=== Input records ===
==*==
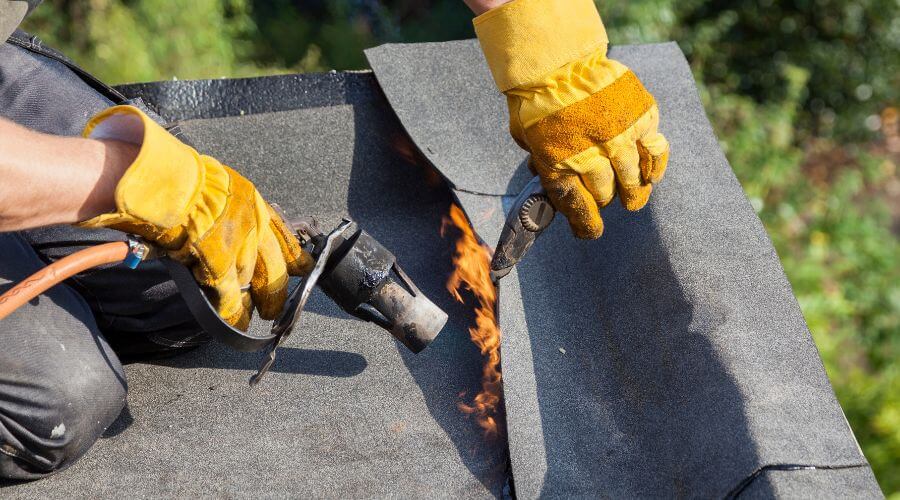 Professional residential roofers in Lincoln Park, MI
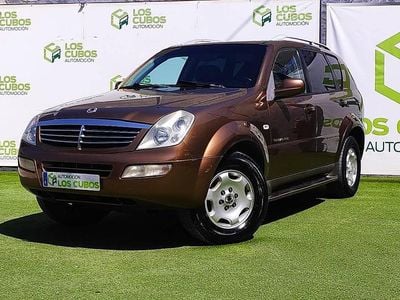 Usado Ssangyong (KGM) Rexton 120 CV (88 kW) 2004 Marrón SUV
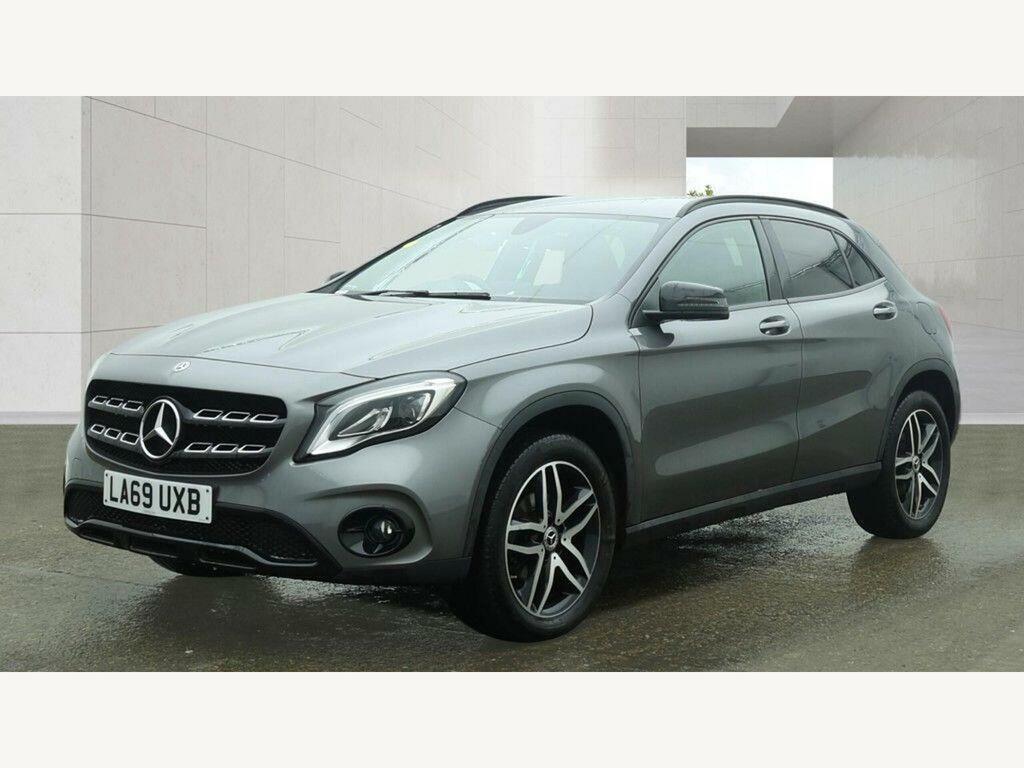 Mercedes-Benz GLA Class Gla180 Urban Edition 7G-dct Euro 6 Ss Grey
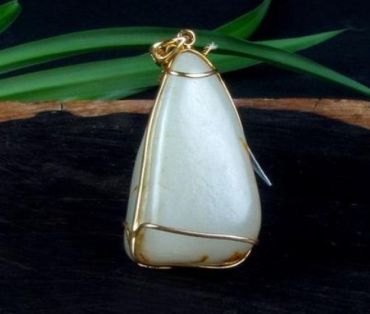 和田玉挂件一般多少钱 和田玉挂件价格贵吗 和田玉挂件一般多少钱 和田玉挂件价格贵吗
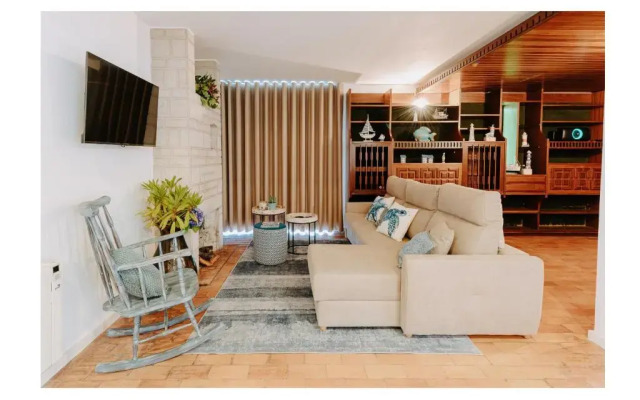 Regina Surf House - Villas with Private Pool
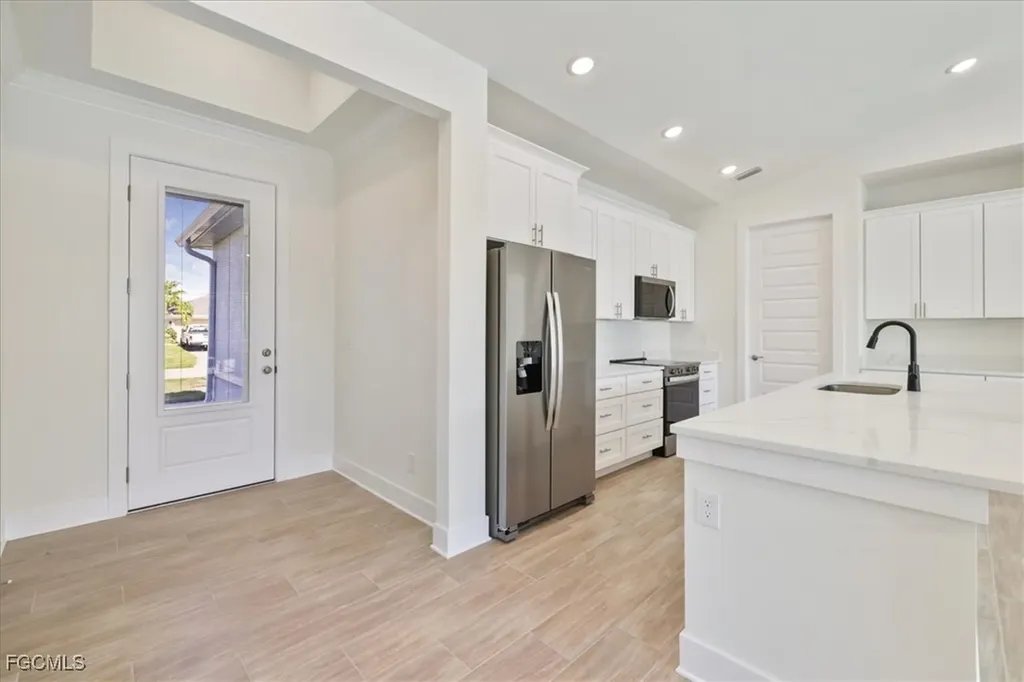 932 SW 36th Terrace Cape Coral FL 33914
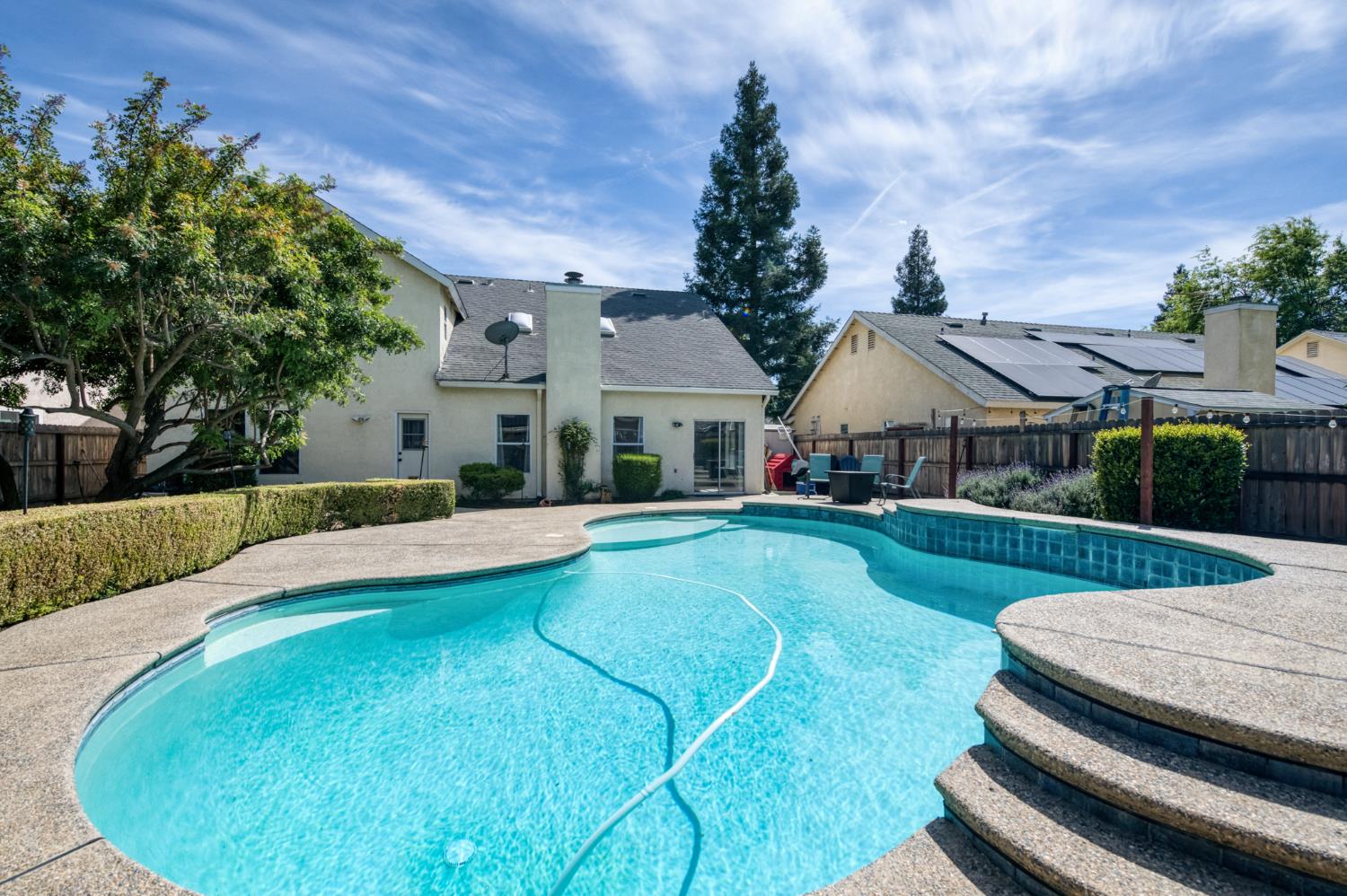 2384 E Quincy Ave, Fresno, CA 93720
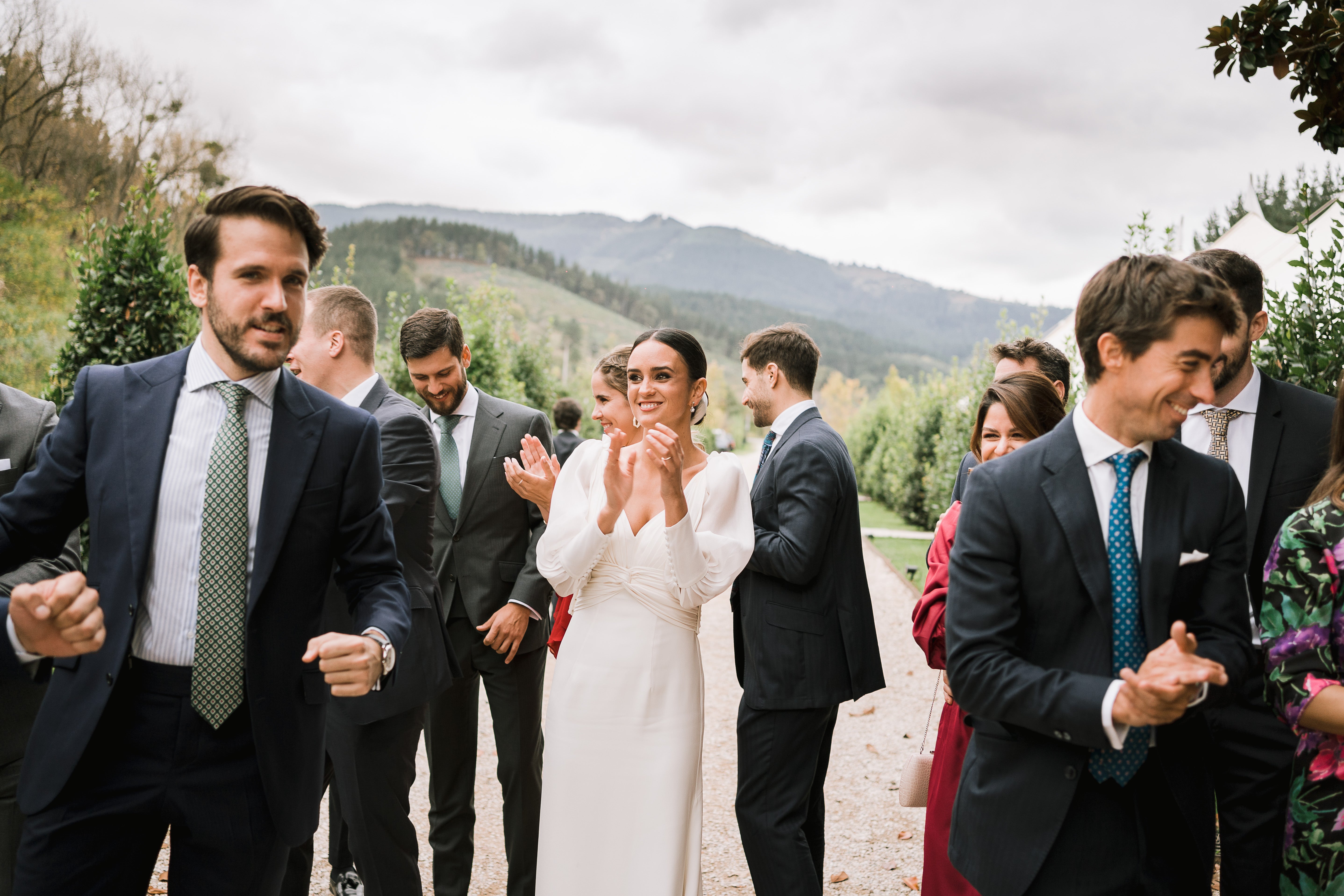 Fotos: Un vestido desmontable y un velo diferente: así fue la boda de Itziar en Amorebieta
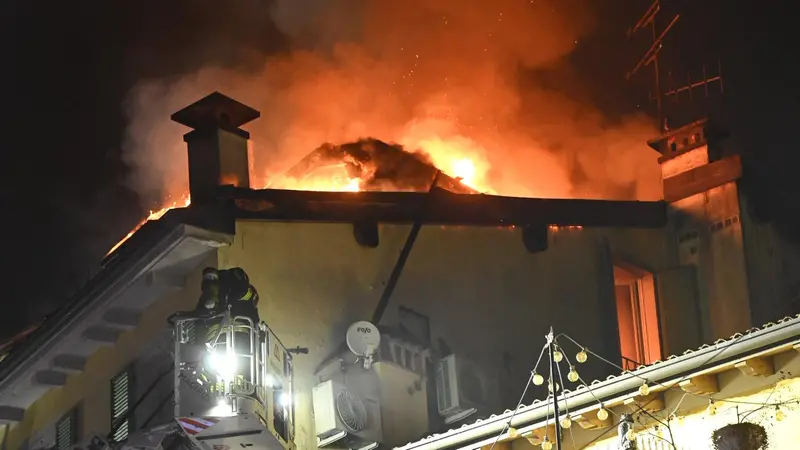 L'incendio in centro a Salò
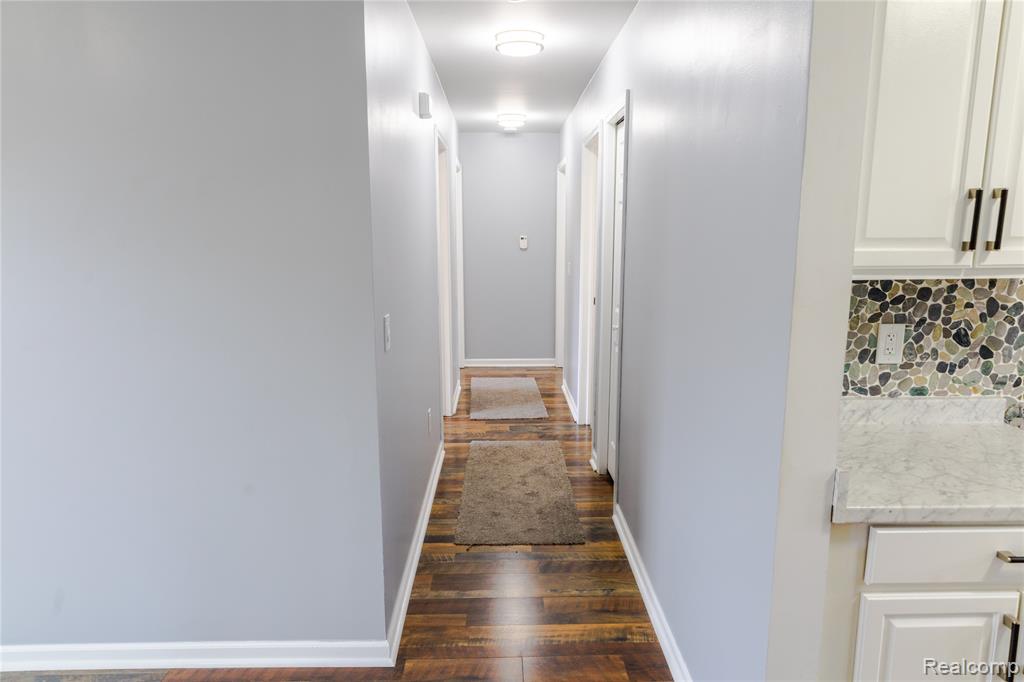 421 Harvey Avenue, Pontiac, MI 48341 — Photo 10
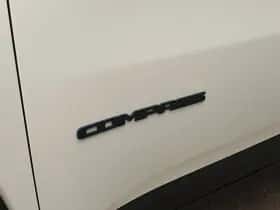 Jeep Compass (2024) thumbnail 14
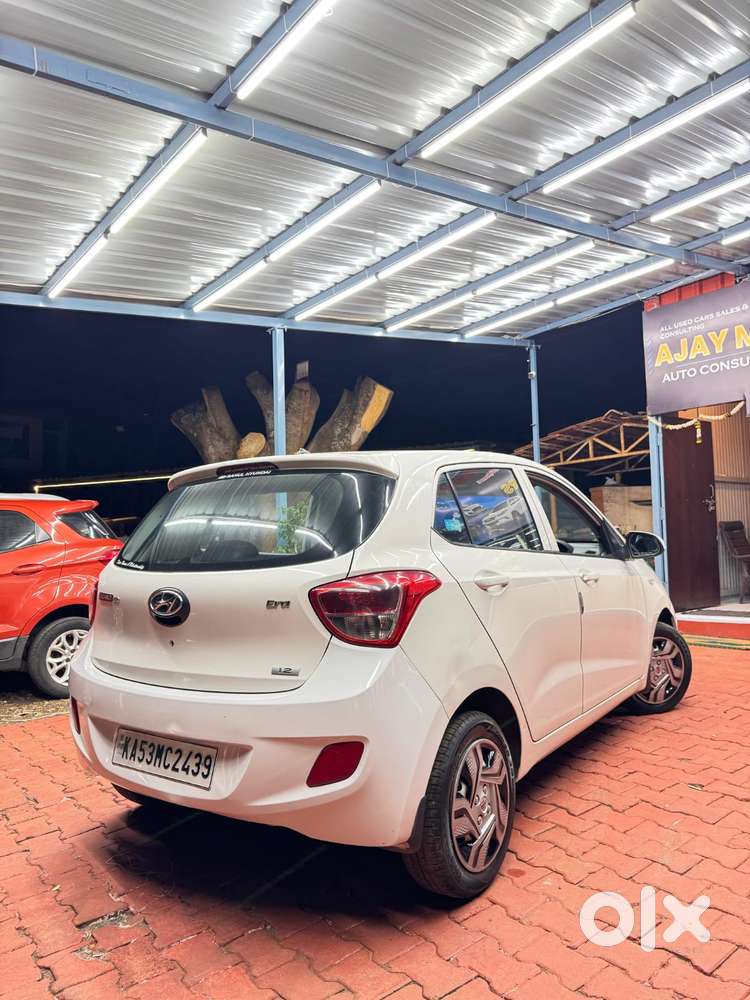 Hyundai Grand I10 Era, 2015, Petrol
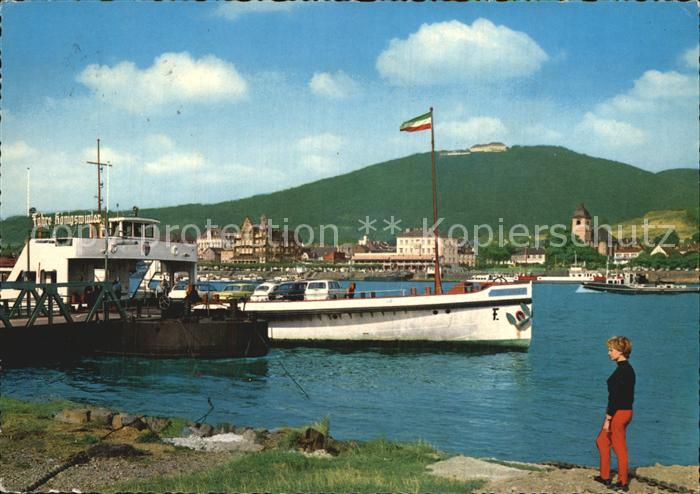 Koenigswinter Blick zum Petersberg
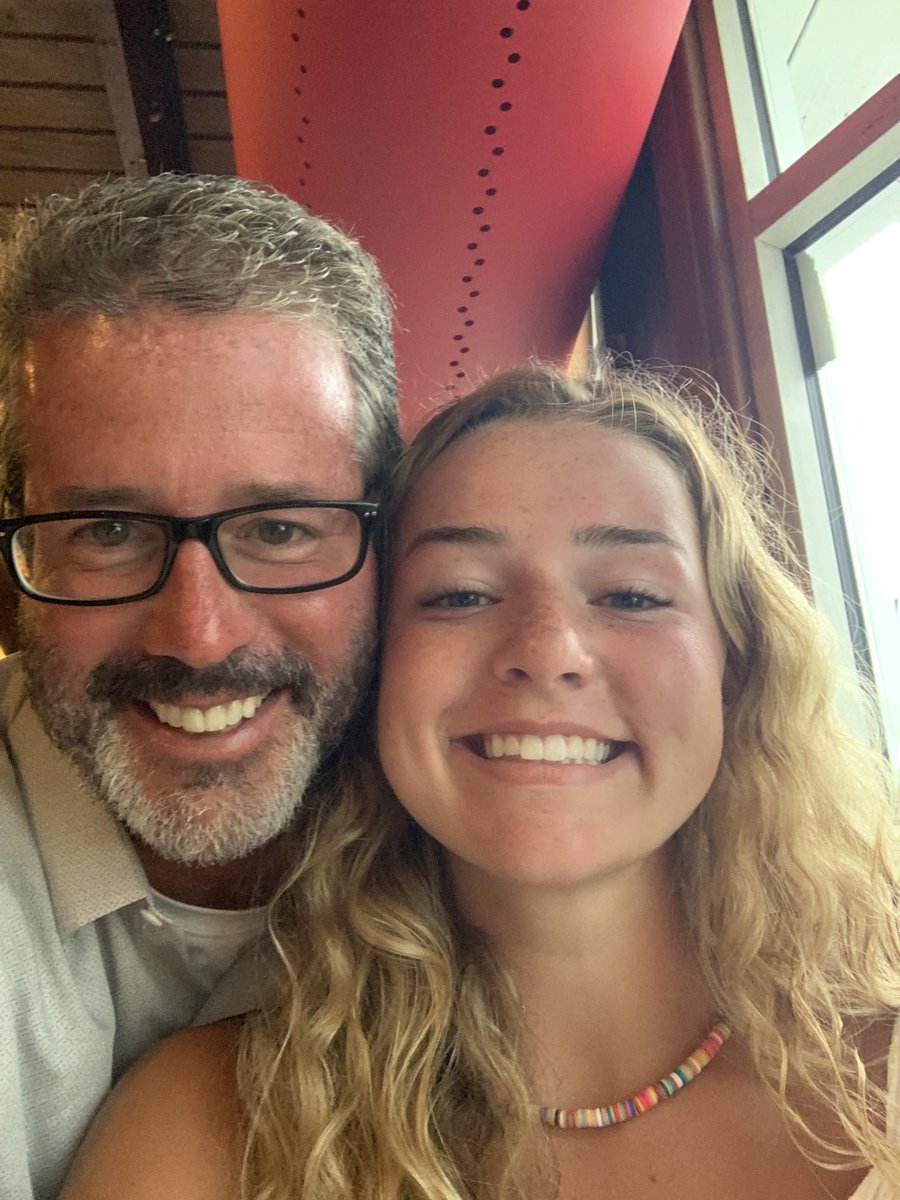 Happy 19th Birthday Audrey!  You are one of a kind and I would not ever want you to change. Have a great day. Love you😍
==*==
=== What you need to do ===
Omit the pictures, then give all the lines above again exactly.

=== Answer to the problem ===
 Professional residential roofers in Lincoln Park, MI
 Usado Ssangyong (KGM) Rexton 120 CV (88 kW) 2004 Marrón SUV
 Mercedes-Benz GLA Class Gla180 Urban Edition 7G-dct Euro 6 Ss Grey
 和田玉挂件一般多少钱 和田玉挂件价格贵吗 和田玉挂件一般多少钱 和田玉挂件价格贵吗
 Regina Surf House - Villas with Private Pool
 932 SW 36th Terrace Cape Coral FL 33914
 2384 E Quincy Ave, Fresno, CA 93720
 Fotos: Un vestido desmontable y un velo diferente: así fue la boda de Itziar en Amorebieta
 L'incendio in centro a Salò
 421 Harvey Avenue, Pontiac, MI 48341 — Photo 10
 Jeep Compass (2024) thumbnail 14
 Hyundai Grand I10 Era, 2015, Petrol
 Koenigswinter Blick zum Petersberg
 Happy 19th Birthday Audrey!  You are one of a kind and I would not ever want you to change. Have a great day. Love you😍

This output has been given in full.